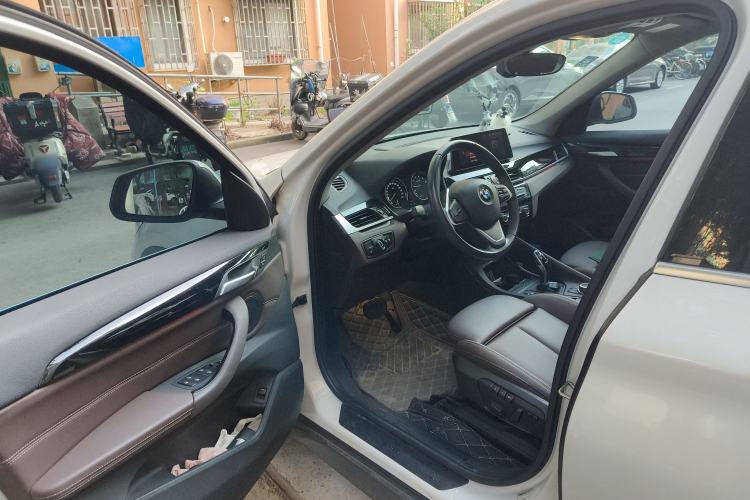 Used BMW X1 2020 sDrive25Li Leading Model
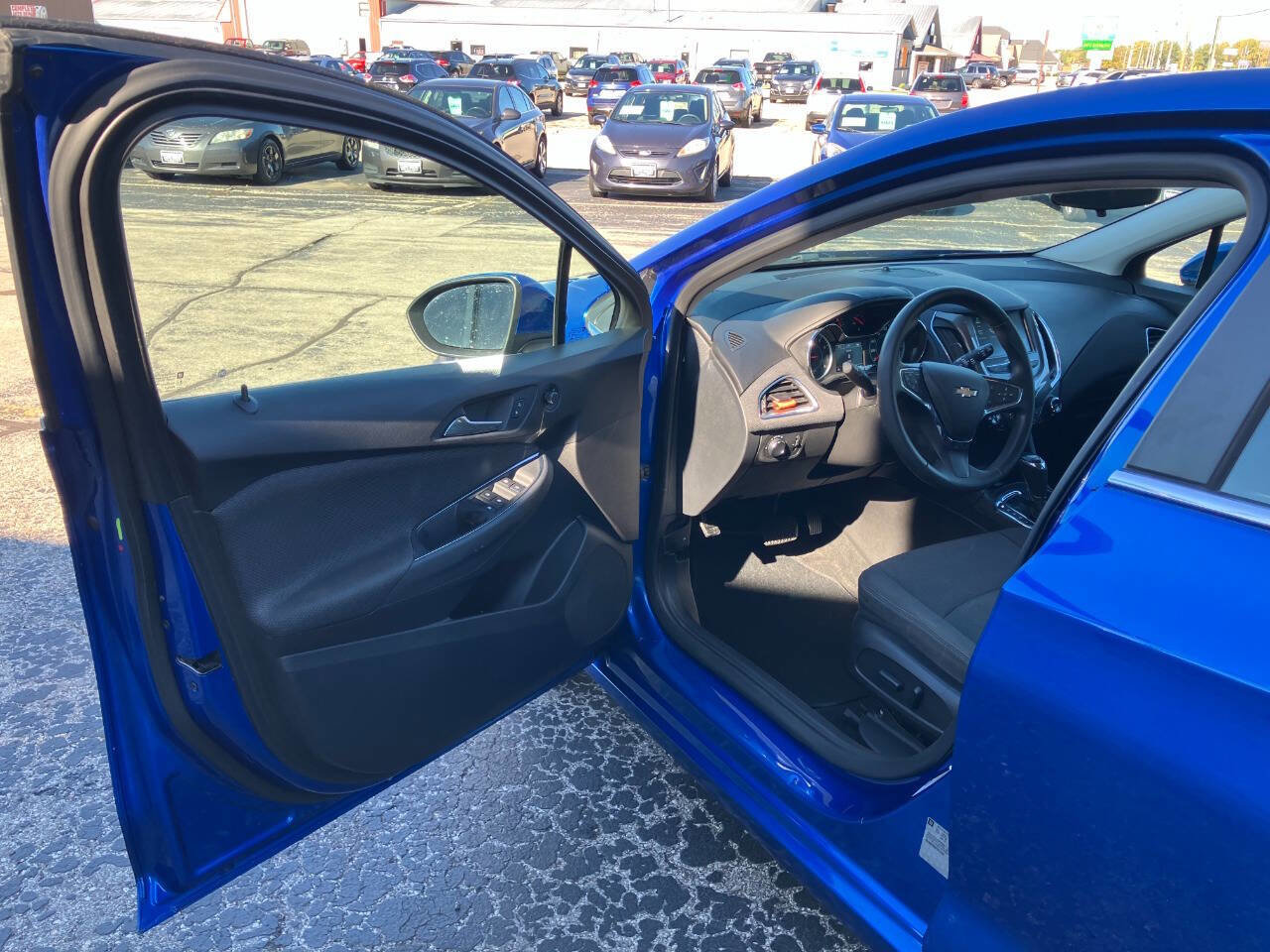 Used 2017 Chevrolet Cruze LT w/ Convenience Package image 9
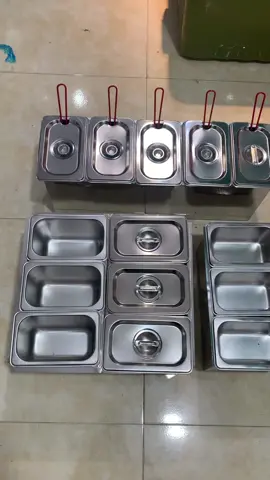 Thùng inox 1 lớp kèm khay để toping giữ lạnh 3-4 tiềng tuỳ theo nhiệt độ môi trường an ! Bên em setup khung khay theo yêu cầu của mọi ngừoi nha ! Anh chị quan tâm cmt dưới video em tư vấn an#thungdainox #thungdagiunhiet #khungthuongkemkhaytoping 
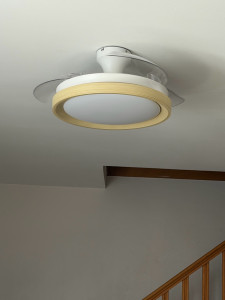Photo de galerie - Ventilateur de plafond avec pales rétractables et LED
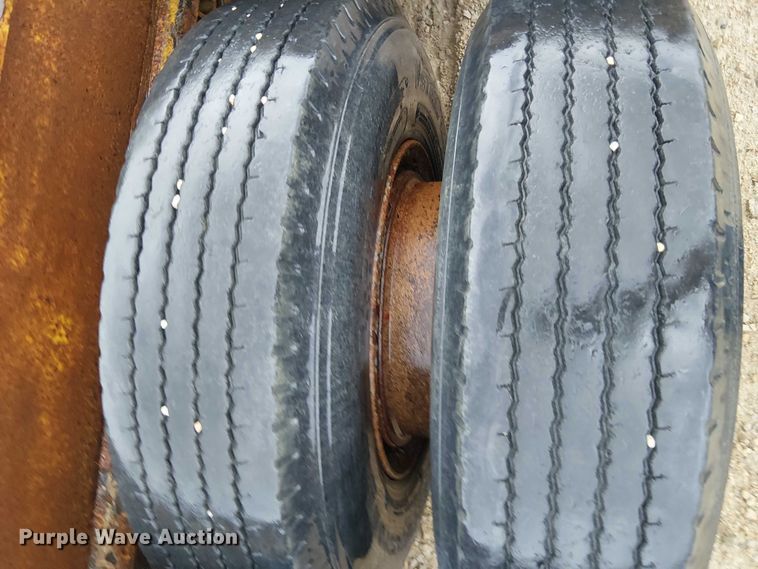 image for item DT6264 1979 HFTH drop deck equipment trailer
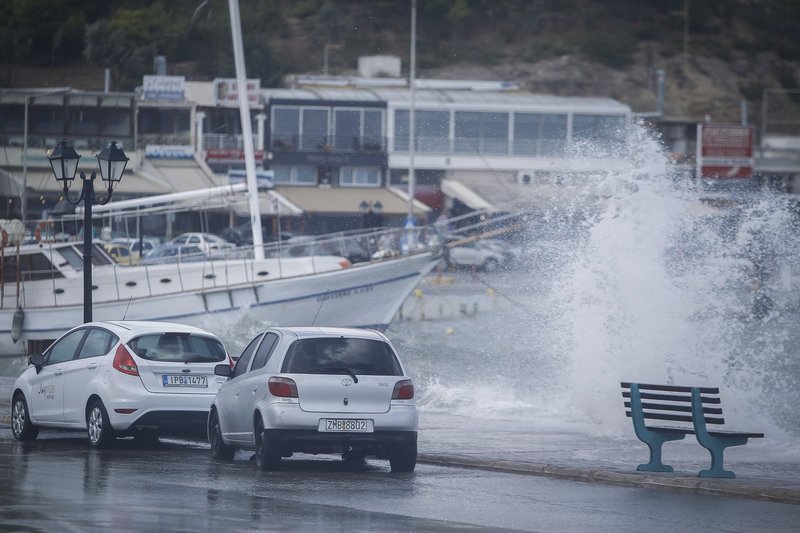 Ισχυροί άνεμοι στο λιμάνι της Ραφήνας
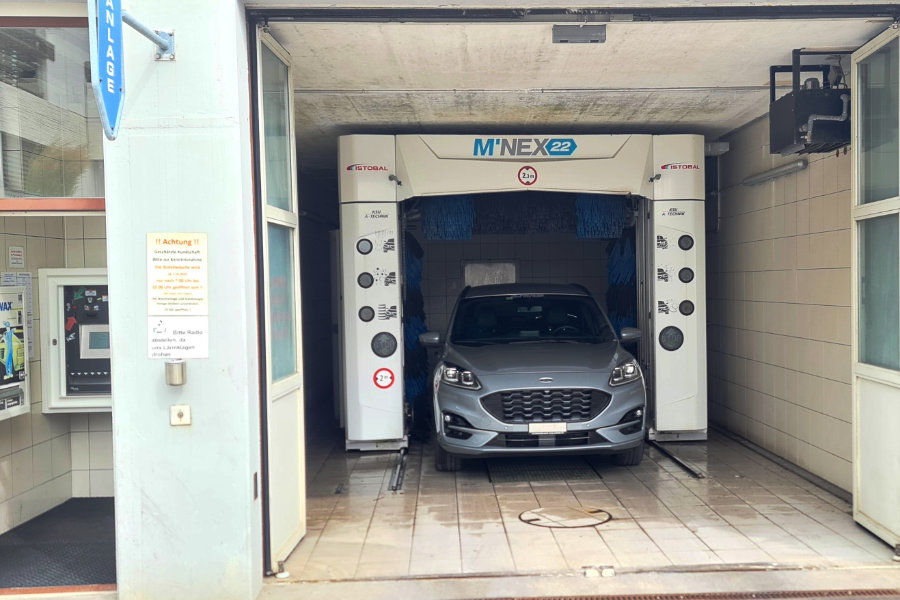 Waschanlage Grunder Auto in Uitikon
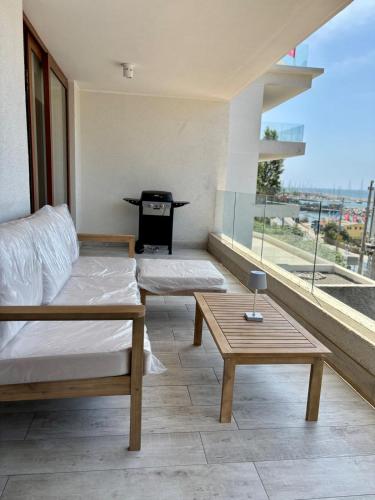 Departamento nuevo, amoblado, gran vista al mar, a pasos de la playa in Concon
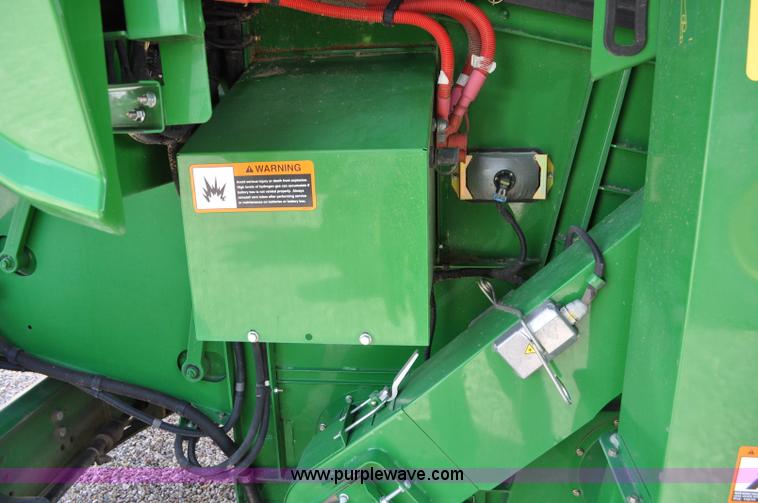 image for item G6484 2012 John Deere S670 combine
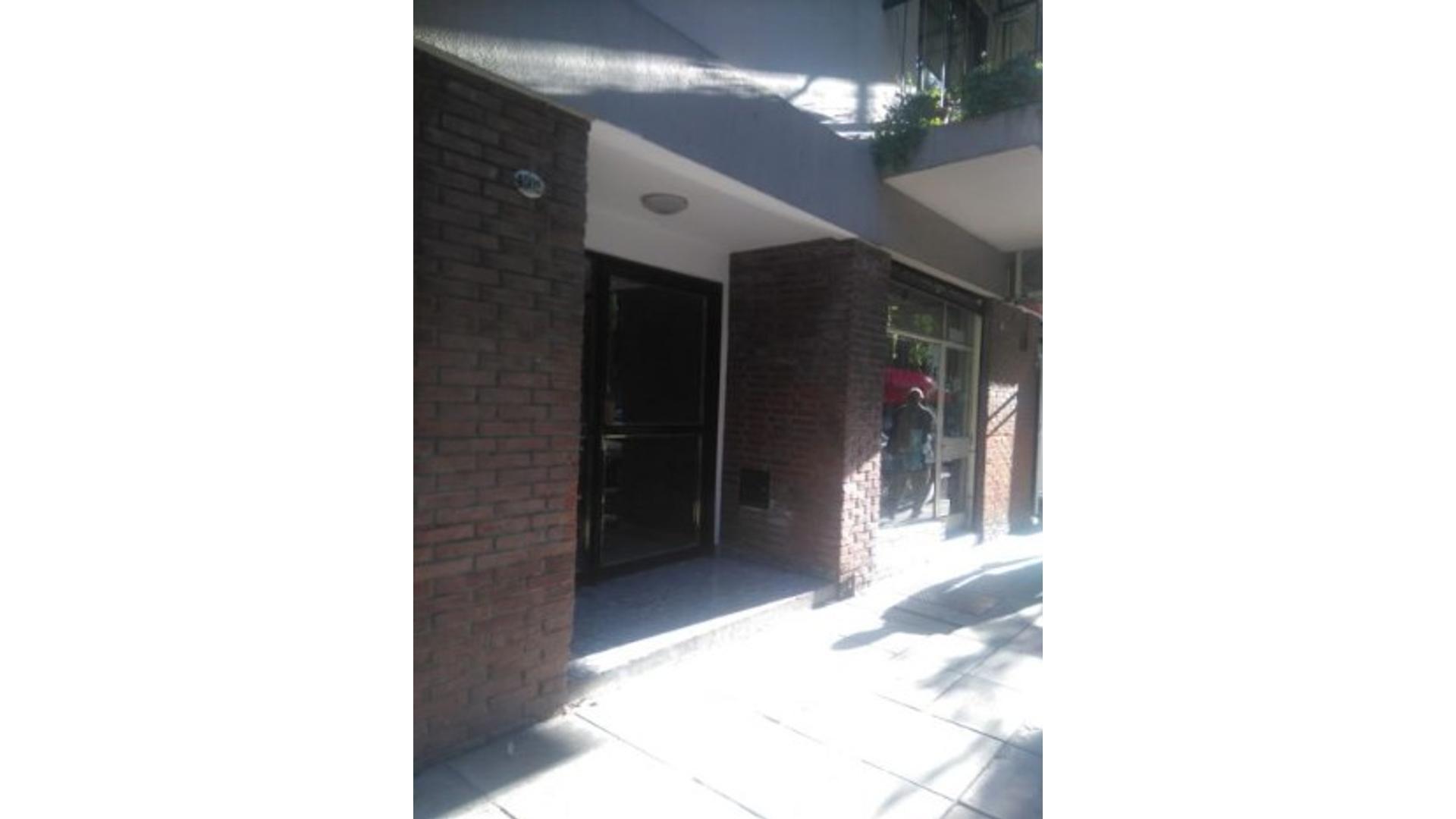 Comodo 1 AMB en Palermo en Juncal 4500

= = = = = = =

» **REQUIREMENT**: Everything in the listing is to be returned word for word, except the pictures.

» **REPLY**:
 Used BMW X1 2020 sDrive25Li Leading Model
 Used 2017 Chevrolet Cruze LT w/ Convenience Package image 9
 Thùng inox 1 lớp kèm khay để toping giữ lạnh 3-4 tiềng tuỳ theo nhiệt độ môi trường an ! Bên em setup khung khay theo yêu cầu của mọi ngừoi nha ! Anh chị quan tâm cmt dưới video em tư vấn an#thungdainox #thungdagiunhiet #khungthuongkemkhaytoping 
Photo de galerie - Ventilateur de plafond avec pales rétractables et LED
 image for item DT6264 1979 HFTH drop deck equipment trailer
 Ισχυροί άνεμοι στο λιμάνι της Ραφήνας
 Waschanlage Grunder Auto in Uitikon
 Departamento nuevo, amoblado, gran vista al mar, a pasos de la playa in Concon
 image for item G6484 2012 John Deere S670 combine
 Comodo 1 AMB en Palermo en Juncal 4500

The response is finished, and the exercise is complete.